The primary responsiblity of the router is to take incoming packets from client connections and direct them to the core Mephisto ClientIOHandler and to do the reverse as well. All packets will have a core agent_id field denoting either the sender or receiver of the packet, depending on the packet type. The only exception is the PACKET_TYPE_ALIVE, which is directed to the router and allows for any registration of an incoming connection.

Secondarily, the router is responsible for converting RESTful POST requests from mephisto-task into socket messages, and relaying the response as a standard POST response. This behavior is only for the PACKET_TYPE_REGISTER_AGENT, and PACKET_TYPE_SUBMIT_ONBOARDING packets, and both of them will be serviced by PACKET_TYPE_AGENT_DETAILS responses. For these it should be listening to POST requests at /register_worker, /submit_onboarding, and /submit_task. POST requests to /log_error should result in forwarding a PACKET_TYPE_ERROR.

Third, the router is responsible for maintaining track of agent status, and acting as a cache for this information after disconnects. This allows for a worker to return to a task and have updated information about what has transpired, even when the main Mephisto server has cleaned up the related TaskRunner and live Agent.

Fourth, the router is responsible for serving the static task_config.json file, which allows the frontend to load certain details about the full task before going through any registration handshakes.

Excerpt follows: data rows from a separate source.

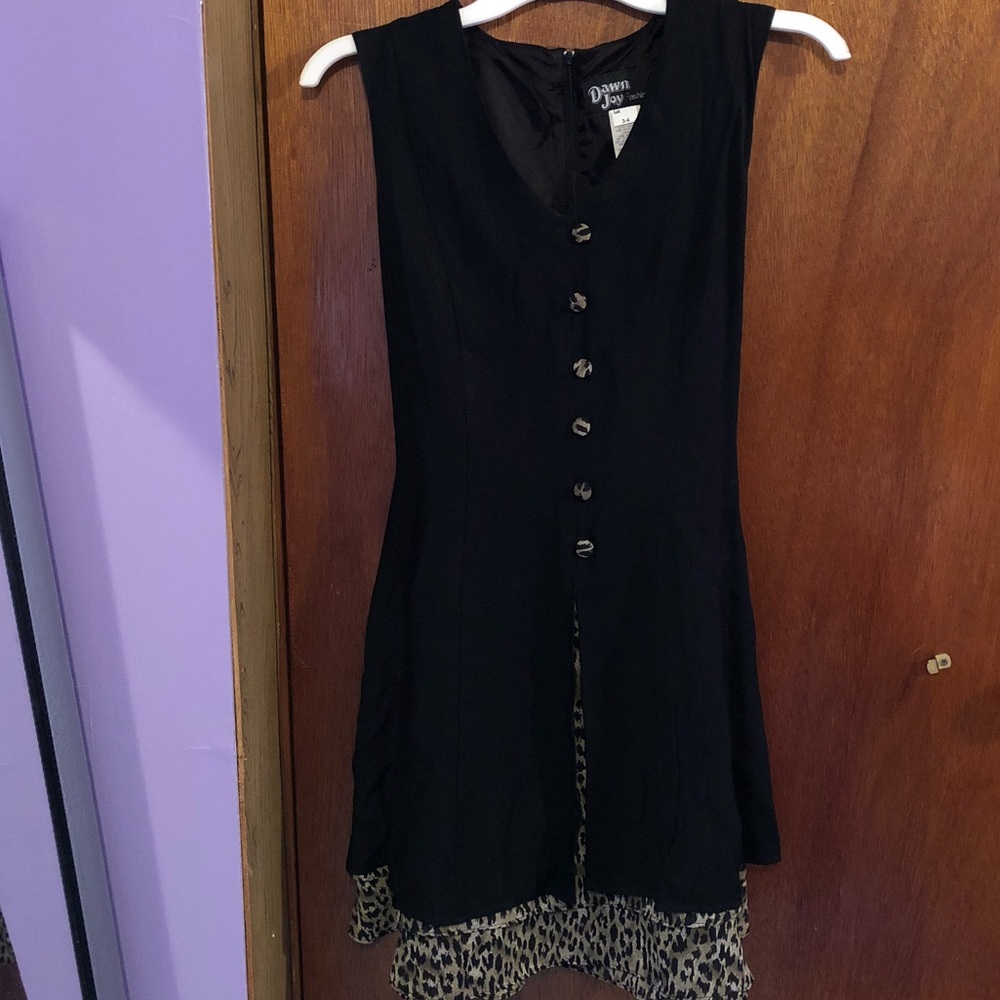 Black dress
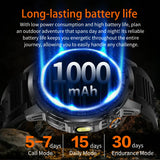 GUHUAVMI AK95 Pro Smartwatch – AMOLED, GPS & Flashlight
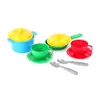 Набор посуды 10 предметов разноцветный 21332048
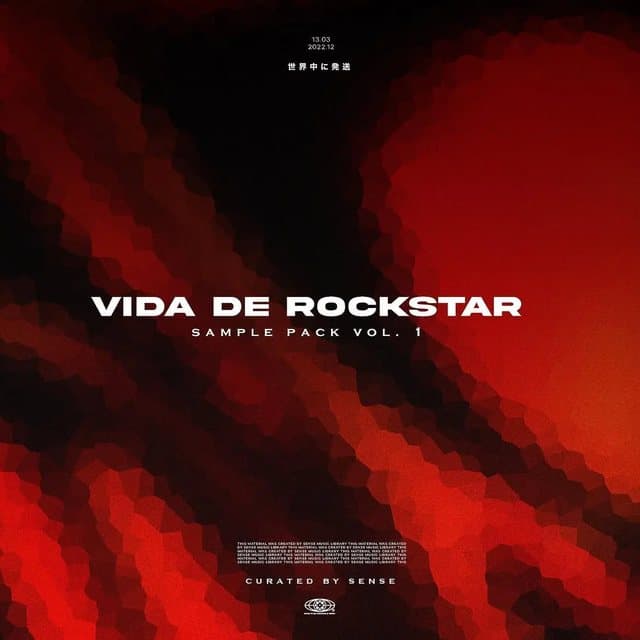 Vida de Rockstar Sample Pack Vol. 1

mephisto-task responsibilities.

The useMephistoTask hook is responsible for allowing a worker to connect to a task and submit the relevant data. For this, it only needs to make POST requests related to the PACKET_TYPE_SUBMIT_* and PACKET_TYPE_REGISTER_AGENT events. The former should be triggered on handleSubmit, while the latter should trigger immediately on load.

The useMephistoLiveTask hook is responsible for the rest of the packets. Data packets should be sent via sendData and handled with the onLiveUpdate callback. So long as your data is json-serializable, you can send anything you want this way.

We also provide a useMephistoRemoteProcedureTask hook, which is a wrapper around useMephistoLiveTask that instead allows for making remote procedure calls from static tasks (when combined with the RemoteProcedureBlueprint or a similar API). Here people can make requests to the backend from an otherwise static task, and potentially receive responses and take action on them if they've registered callbacks. The only interface here is thus makeRemoteCall.